- _Extracted data_:
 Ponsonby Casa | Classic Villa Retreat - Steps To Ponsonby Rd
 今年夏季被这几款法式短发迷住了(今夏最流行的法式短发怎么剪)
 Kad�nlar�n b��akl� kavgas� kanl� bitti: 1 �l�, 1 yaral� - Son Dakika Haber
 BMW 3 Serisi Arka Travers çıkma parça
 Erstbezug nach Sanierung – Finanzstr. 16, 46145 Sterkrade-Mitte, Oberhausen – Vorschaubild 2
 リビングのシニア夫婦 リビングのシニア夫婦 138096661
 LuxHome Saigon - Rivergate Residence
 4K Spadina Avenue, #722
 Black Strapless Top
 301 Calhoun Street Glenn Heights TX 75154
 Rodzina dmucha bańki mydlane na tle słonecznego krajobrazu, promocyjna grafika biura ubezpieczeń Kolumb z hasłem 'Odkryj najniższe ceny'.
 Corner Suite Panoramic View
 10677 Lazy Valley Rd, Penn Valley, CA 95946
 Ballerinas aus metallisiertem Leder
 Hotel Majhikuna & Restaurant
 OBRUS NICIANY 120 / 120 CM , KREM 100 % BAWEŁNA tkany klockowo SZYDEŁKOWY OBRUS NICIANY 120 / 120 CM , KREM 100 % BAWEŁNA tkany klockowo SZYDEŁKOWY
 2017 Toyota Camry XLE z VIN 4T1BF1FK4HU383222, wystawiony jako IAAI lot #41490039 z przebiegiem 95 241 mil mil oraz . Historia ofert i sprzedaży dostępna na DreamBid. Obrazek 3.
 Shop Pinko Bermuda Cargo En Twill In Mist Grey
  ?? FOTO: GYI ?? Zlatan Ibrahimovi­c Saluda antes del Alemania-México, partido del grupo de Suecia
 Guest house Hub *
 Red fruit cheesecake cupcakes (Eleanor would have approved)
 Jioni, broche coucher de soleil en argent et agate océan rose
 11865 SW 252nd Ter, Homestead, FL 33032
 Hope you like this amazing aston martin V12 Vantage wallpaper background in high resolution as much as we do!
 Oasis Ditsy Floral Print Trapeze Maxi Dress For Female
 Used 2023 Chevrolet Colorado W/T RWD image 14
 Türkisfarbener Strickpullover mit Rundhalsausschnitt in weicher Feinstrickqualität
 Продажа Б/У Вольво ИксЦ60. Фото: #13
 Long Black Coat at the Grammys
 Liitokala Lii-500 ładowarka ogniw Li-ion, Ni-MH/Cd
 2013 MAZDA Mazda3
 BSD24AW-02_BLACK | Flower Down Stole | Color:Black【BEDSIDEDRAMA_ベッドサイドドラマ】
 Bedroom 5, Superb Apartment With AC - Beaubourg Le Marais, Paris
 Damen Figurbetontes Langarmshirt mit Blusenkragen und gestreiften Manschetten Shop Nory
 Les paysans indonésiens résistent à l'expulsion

- _What the task asks_:
Set down exactly, and only, the lines from the one containing "Damen Figurbetontes Langarmshirt" through the final line of the entries above.

- _Result of the exercise_:
 Damen Figurbetontes Langarmshirt mit Blusenkragen und gestreiften Manschetten Shop Nory
 Les paysans indonésiens résistent à l'expulsion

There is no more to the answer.